Diduga Menyediakan Wanita Penghibur, Lapo Tuak Molen Didemo Warga Sibuluan Nauli

  • Bagikan
Foto : Ribu bersama warga menggelar aksi didepan lapo tuak Molen.

Kantong Berita, TAPTENG-Warga Kelurahan Sibuluan Nauli, Kecamatan Pandan, Kabupaten Tapanuli Tengah (Tapteng), Sumatera Utara berunjuk rasa di depan sebuah warung tuak yang diketahui milik David Butar-butar alias Molen, Selasa (26/5).

Demo tersebut merupakan lanjutan aksi warga sebelumnya, yang memaksa warung tuak yang diduga menyediakan wanita penghibur tersebut ditutup.

Ribu Simatupang, pimpinan aksi dalam orasinya mengatakan, kedatangan mereka di tempat tersebut untuk menyuarakan keluh kesah masyarakat Kelurahan Sibuluan Nauli.

Yang mendukung penuh program Bupati Tapteng, Bakhtiar Ahmad Sibarani dalam memberantas Narkoba, Cafe remang-remang, tempat Prostitusi dan dugaan perdagangan anak.

Baca Juga :   Di Tapteng, Polwan Bagi Sembako; Khusus Warga Kurang Mampu Terdampak Covid-19

Warga mendesak Polres Tapteng agar ikut memberantas penyakit masyarakat tersebut serta memproses para pelaku sesuai hukum yang berlaku.

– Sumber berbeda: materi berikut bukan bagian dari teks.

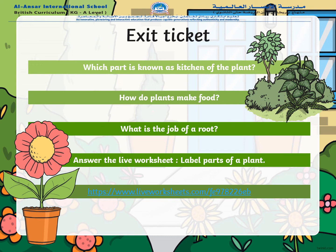Let's recall the jobs of these parts. Which part is known as the kitchen of the plant? The leaves are the kitchen of the plant. Why? Because the leaves prepare the food of the plant — that's why they are called the kitchen of the plant. How do they make food? They make food with the help of sunlight and air.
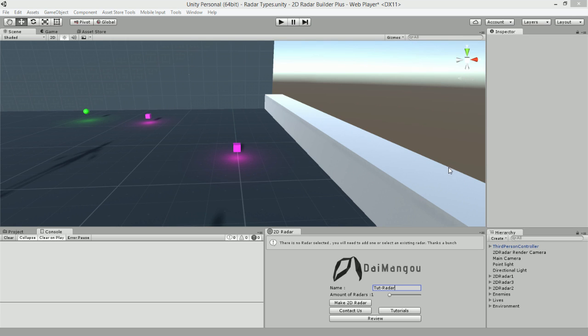Hello and welcome to the first video tutorial of working with the new and improved 2D Radar Builder. This version of 2D Radar Builder is the regular version, meaning that the source code is not included. However, for a version of 2D Radar Builder with the source code included, please see 2D Radar Builder source included.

“Jadi bapak ibu sekalian, menyikapi yang terjadi selama ini masyarakat Kelurahan Sibuluan Nauli, Kecamatan Pandan, siap tidak berbuat apa-apa. Padahal di kelurahan ini telah terjadi banyak pelanggaran-pelanggaran. Salah satunya ada cafe, diduga Cafe Remang-remang, mempekerjakan wanita sampai larut malam, hingga jam 3 sampai pagi, dengan berkedok Lapo Tuak,” seru Ribu dalam orasinya.

Menyambung orasi Ribu Simatupang, Penatua Kampung, bermarga Panggabean mengajak seluruh warga untuk menjaga Kampung tetap bersih dari praktek maksiat.

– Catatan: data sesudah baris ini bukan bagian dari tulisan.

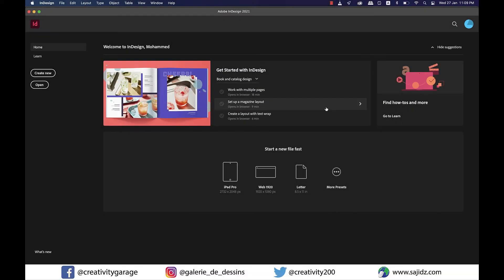Hello there and assalamu alaikum. Today we'll be talking about creating a multi-state object in Adobe InDesign. So let's get started.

Baca Juga :   Musnahkan 14 Mesin Judi; Bupati Tapteng Nyatakan Perang Terhadap Judi

“Jadi marilah sama-sama kita mempertahankan kampung kita ini, supaya bersih, damai, aman dan tertib,” imbuhnya.

Sementara itu, Lurah Kelurahan Sibuluan Nauli, Lasak Lisbeth Sirait berharap yang terjadi, Selasa (26/5) dini hari merupakan kejadian terakhir.

Dan untuk sementara, lapo tuak tersebut ditutup sesuai peraturan daerah yang berlaku.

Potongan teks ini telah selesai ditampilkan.